→ **Prompt**
Exactly the lines from the start of the data below through the line containing "Disk throughput for /dev/sda" must be returned, and no others.

Scraped caption text data:
-.-.-
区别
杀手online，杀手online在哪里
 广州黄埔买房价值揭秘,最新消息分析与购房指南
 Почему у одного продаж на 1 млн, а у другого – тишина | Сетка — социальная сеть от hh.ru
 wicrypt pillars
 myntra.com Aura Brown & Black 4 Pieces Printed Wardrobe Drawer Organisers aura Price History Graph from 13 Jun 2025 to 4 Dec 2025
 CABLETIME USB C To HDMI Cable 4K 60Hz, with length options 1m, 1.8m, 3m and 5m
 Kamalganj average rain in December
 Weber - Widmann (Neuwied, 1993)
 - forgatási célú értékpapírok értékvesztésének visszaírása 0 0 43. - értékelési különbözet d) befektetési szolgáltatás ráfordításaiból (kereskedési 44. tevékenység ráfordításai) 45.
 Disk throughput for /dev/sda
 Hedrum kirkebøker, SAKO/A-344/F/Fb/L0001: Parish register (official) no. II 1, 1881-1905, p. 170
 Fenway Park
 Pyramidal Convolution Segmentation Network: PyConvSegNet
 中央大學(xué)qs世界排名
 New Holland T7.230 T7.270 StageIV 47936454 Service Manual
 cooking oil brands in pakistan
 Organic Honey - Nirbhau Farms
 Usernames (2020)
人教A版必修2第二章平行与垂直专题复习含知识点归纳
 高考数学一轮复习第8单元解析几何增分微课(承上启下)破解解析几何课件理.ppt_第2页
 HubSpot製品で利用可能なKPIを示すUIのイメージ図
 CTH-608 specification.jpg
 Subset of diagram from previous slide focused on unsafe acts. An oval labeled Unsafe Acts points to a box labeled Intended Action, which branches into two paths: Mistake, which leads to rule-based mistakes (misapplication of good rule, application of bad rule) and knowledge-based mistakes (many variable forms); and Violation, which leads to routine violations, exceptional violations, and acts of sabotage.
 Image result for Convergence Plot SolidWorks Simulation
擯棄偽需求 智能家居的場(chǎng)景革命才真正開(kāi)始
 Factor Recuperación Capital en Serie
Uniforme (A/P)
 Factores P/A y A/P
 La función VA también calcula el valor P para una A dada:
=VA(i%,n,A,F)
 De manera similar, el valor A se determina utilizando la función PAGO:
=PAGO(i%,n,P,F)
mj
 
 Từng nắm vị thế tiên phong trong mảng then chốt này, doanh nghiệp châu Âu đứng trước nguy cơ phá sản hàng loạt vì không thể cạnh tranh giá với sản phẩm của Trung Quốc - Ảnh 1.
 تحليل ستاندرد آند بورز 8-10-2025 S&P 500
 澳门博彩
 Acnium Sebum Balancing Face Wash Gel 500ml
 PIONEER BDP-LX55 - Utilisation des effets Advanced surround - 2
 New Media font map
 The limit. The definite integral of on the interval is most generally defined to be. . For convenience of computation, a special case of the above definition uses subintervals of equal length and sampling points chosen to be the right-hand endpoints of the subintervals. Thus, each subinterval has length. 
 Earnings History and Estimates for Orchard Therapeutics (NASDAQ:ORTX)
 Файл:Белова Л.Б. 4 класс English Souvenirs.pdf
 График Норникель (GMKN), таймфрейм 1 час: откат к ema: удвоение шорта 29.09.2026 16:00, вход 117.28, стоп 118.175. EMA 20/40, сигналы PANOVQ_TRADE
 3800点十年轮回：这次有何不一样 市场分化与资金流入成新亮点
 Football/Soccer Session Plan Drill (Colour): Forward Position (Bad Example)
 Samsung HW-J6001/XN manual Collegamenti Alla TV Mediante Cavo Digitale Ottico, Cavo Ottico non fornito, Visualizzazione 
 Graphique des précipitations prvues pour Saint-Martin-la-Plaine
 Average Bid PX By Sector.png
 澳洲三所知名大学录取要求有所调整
-.-.-
→ **Response to this task**
区别
杀手online，杀手online在哪里
 广州黄埔买房价值揭秘,最新消息分析与购房指南
 Почему у одного продаж на 1 млн, а у другого – тишина | Сетка — социальная сеть от hh.ru
 wicrypt pillars
 myntra.com Aura Brown & Black 4 Pieces Printed Wardrobe Drawer Organisers aura Price History Graph from 13 Jun 2025 to 4 Dec 2025
 CABLETIME USB C To HDMI Cable 4K 60Hz, with length options 1m, 1.8m, 3m and 5m
 Kamalganj average rain in December
 Weber - Widmann (Neuwied, 1993)
 - forgatási célú értékpapírok értékvesztésének visszaírása 0 0 43. - értékelési különbözet d) befektetési szolgáltatás ráfordításaiból (kereskedési 44. tevékenység ráfordításai) 45.
 Disk throughput for /dev/sda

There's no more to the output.